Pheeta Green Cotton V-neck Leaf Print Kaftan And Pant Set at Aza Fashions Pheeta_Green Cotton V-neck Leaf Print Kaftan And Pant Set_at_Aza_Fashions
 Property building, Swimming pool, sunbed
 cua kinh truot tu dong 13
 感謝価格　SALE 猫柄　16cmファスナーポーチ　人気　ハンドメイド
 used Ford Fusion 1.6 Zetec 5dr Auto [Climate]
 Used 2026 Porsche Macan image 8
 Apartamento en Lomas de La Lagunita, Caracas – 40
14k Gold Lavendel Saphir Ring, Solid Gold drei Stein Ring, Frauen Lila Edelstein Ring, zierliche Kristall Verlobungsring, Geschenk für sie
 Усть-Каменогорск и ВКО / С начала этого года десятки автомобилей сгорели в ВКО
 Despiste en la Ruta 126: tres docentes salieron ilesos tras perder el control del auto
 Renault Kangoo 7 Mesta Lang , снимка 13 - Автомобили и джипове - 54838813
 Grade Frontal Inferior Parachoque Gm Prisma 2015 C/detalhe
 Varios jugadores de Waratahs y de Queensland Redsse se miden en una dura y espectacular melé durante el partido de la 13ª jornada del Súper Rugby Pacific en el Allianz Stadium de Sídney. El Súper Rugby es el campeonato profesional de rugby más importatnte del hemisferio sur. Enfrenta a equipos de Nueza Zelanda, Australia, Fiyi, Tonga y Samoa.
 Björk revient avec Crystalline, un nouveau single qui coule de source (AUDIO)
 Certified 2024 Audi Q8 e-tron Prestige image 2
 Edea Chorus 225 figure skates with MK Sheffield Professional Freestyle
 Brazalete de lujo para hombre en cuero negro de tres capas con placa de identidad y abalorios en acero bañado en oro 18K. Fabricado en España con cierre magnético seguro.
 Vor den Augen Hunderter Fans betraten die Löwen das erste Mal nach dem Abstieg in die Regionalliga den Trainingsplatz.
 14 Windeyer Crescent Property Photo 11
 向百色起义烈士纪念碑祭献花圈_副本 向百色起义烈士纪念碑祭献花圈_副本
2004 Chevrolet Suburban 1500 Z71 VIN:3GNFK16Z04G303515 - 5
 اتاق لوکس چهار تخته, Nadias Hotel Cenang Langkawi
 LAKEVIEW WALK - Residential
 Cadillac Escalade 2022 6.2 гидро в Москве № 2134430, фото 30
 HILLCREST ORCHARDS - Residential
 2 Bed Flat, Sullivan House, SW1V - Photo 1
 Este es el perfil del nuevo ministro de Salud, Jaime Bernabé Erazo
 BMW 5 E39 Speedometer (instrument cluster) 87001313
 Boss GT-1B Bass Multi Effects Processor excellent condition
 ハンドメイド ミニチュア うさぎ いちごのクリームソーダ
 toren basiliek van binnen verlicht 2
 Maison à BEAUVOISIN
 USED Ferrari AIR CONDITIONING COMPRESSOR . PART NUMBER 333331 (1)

_____

TASK PROMPT
Please transcribe the data exactly from its first line. End with the line that contains "used Ford Fusion".

WRITTEN RESPONSE
Pheeta Green Cotton V-neck Leaf Print Kaftan And Pant Set at Aza Fashions Pheeta_Green Cotton V-neck Leaf Print Kaftan And Pant Set_at_Aza_Fashions
 Property building, Swimming pool, sunbed
 cua kinh truot tu dong 13
 感謝価格　SALE 猫柄　16cmファスナーポーチ　人気　ハンドメイド
 used Ford Fusion 1.6 Zetec 5dr Auto [Climate]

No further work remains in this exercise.